RECORDS START

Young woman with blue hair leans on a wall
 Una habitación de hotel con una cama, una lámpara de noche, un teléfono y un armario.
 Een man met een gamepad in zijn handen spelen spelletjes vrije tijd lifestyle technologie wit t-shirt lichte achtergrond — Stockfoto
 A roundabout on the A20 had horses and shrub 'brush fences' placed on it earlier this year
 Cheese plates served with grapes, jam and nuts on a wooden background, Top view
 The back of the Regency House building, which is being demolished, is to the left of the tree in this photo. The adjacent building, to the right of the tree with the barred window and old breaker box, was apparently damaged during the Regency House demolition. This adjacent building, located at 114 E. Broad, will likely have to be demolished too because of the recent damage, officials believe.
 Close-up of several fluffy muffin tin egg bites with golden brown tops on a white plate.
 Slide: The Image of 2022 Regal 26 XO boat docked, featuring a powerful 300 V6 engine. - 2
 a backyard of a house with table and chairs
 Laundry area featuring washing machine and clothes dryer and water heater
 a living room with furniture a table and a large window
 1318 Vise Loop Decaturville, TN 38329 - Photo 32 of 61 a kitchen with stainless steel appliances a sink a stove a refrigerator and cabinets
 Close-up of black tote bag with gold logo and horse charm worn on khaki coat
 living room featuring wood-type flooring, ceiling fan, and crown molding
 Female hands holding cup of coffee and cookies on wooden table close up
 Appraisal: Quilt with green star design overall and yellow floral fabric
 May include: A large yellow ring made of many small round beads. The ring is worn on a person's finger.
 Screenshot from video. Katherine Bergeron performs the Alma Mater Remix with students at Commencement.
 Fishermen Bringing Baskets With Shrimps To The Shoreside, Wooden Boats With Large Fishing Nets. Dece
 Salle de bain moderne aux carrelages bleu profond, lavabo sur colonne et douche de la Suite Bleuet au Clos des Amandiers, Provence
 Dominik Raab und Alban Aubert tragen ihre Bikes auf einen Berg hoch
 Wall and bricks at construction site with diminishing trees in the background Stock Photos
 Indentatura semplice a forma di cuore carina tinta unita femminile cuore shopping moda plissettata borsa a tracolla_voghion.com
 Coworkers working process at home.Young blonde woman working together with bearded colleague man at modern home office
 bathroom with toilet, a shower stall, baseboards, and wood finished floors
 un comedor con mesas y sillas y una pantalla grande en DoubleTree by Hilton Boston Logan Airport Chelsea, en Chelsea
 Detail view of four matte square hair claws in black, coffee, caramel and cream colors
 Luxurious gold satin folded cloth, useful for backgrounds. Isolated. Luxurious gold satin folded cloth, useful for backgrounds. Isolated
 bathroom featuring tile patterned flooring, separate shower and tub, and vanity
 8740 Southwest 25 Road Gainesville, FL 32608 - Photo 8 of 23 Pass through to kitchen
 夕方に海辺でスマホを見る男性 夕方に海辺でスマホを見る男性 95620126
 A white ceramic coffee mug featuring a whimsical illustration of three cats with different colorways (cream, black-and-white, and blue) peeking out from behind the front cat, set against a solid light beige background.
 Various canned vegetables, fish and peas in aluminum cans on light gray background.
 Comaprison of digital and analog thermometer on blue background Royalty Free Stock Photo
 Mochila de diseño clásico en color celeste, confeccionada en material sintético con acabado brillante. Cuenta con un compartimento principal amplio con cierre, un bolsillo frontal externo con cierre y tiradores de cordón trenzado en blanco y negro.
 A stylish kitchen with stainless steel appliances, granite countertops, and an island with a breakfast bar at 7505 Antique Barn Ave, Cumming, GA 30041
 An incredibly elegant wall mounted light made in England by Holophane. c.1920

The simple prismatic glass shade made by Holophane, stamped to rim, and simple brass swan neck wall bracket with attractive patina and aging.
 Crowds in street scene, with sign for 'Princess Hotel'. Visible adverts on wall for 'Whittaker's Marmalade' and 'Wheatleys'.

RECORDS END

:: ASSIGNED TASK ::
Tell how many lines in the entries above include the word "appliances", and respond with the number alone.

:: EXPECTED ANSWER ::
2